Arbeitszeiterfassung: Pflicht für Arbeitgeber?

Was müssen Arbeitgeber über die Pflicht zur Arbeitszeiterfassung rechtlich wissen?

Fachlich geprüft von: Rechtsanwalt Sören Siebert Rechtsanwalt Sören Siebert
(10 Bewertungen, 3.80 von 5)

Das Wichtigste in Kürze

  • Das Bundesarbeitsgericht hat im September 2022 entschieden, dass die Arbeitszeiterfassung für Arbeitgeber Pflicht wird.
  • Beginn, Ende und Dauer der täglichen Arbeitszeit müssen Arbeitnehmende dokumentieren, sodass die Einhaltung von Pausen und Ruhezeiten gewahrt bleibt und Überstunden klar dokumentiert werden.
  • Arbeitgebern stehen verschiedene Systeme - analog und digital - zur Arbeitszeiterfassung zur Verfügung.

Worum geht's?

Nachdem es jahrelang nur für bestimmte Branchen Pflicht war, wird es nun für alle Unternehmen verpflichtend: Die Arbeitszeiterfassung. Arbeitgeber sind dazu verpflichtet, die Arbeitszeiten ihrer Mitarbeiter zu dokumentieren. Aber was bedeutet dies für Unternehmen? Wie können Kleinbetriebe die Arbeitszeiterfassung bestmöglich umsetzen? Welche Systeme zur Arbeitszeiterfassung gibt es und welche Zeiten müssen dokumentiert werden? Unser Beitrag bietet Ihnen einen Überblick über die Arbeitszeiterfassungspflicht und Lösungsansätze, wie Sie gerade im Hinblick auf Homeoffice und Vertrauensarbeit die Pflicht zur Arbeitszeiterfassung umsetzen.

 

1. Was ist die Arbeitszeiterfassung und warum ist sie so wichtig?

Bei der Arbeitszeiterfassung handelt es sich um verschiedene Möglichkeiten, die täglichen Arbeitszeiten von Arbeitnehmern zu dokumentieren. Durch die Arbeitszeiterfassung kann der Arbeitgeber den Überblick über die geleistete Arbeitszeit und die einzuhaltenden Pausen und Ruhezeiten behalten.

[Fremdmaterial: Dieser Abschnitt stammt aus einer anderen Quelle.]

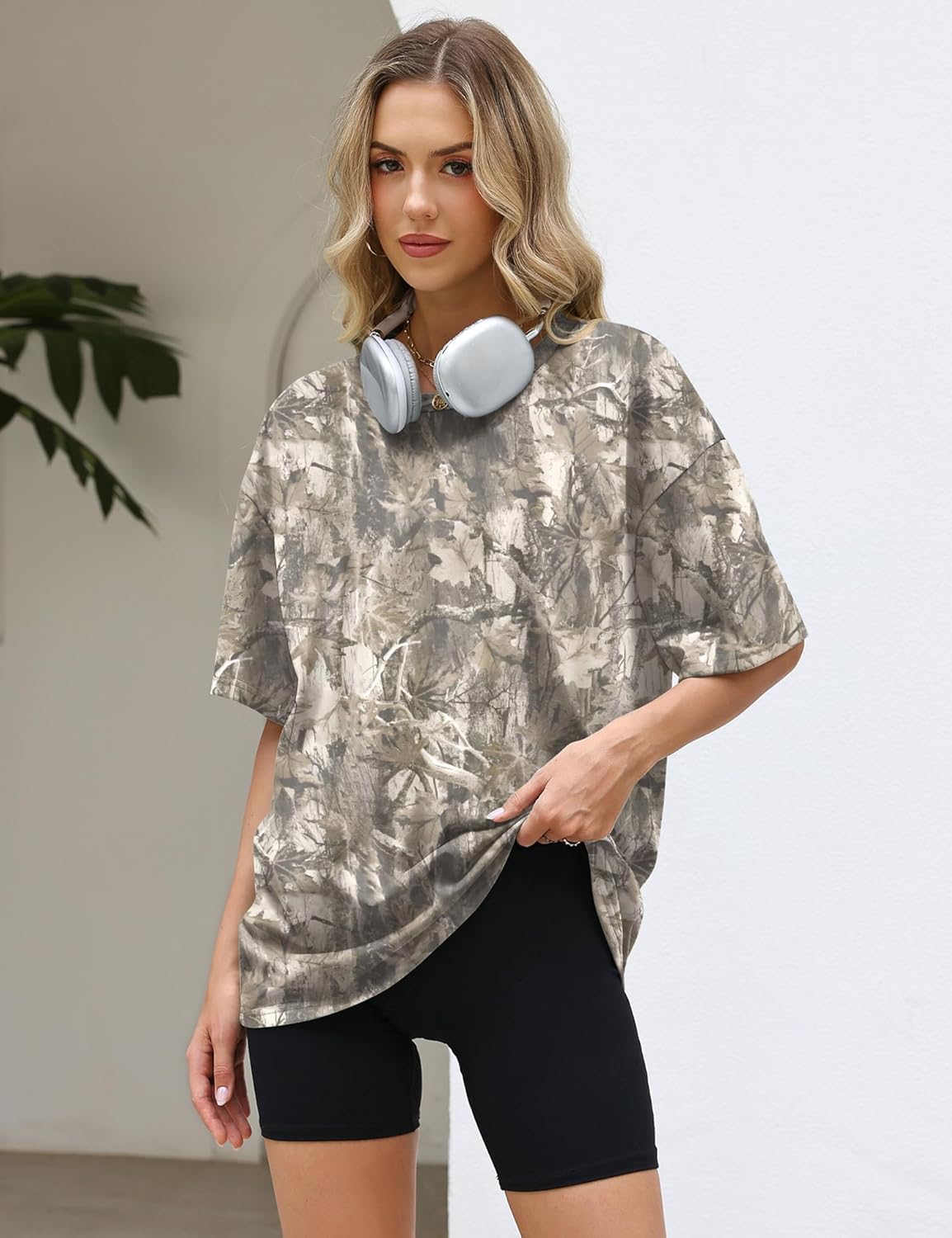 LOMON Oversized Graphic T Shirts for Women Short Sleeve Crewneck Summer Tops Loose Casual Basic Tees - Image 3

Das ist besonders wichtig, weil sich Arbeitgeber und Arbeitnehmer an die gesetzlichen Arbeitszeiten laut dem Arbeitszeitgesetz (ArbZG) halten müssen. Mittels der Zeiterfassung kann der Arbeitgeber außerdem kontrollieren, ob Überstunden korrekt eingetragen und abgerechnet werden.

Zum Artikel

LESEEMPFEHLUNG

Allgemeine Informationen zur Kündigung, Abmahnung oder Homeoffice finden Sie in unserem Artikel zum Arbeitsrecht.

Zum Artikel

2. Ist die Arbeitszeiterfassung Pflicht?

Vor Mai 2019 mussten Arbeitgeber lediglich Arbeitszeiten dokumentieren, die über die täglichen acht Stunden hinausgehen, so schreibt es das Arbeitszeitgesetz vor. Neben Überstunden musste auch die Sonn- und Feiertagsarbeit dokumentarisch festgehalten werden.

DAS PROBLEM DABEI

Die Dokumentation gestaltet sich dadurch als schwierig, da reguläre Arbeitszeiten nicht mit Anfang und Ende dokumentiert werden mussten und daher unklar war, wann die reguläre Arbeitszeit aufhörte und die Überstunden anfingen.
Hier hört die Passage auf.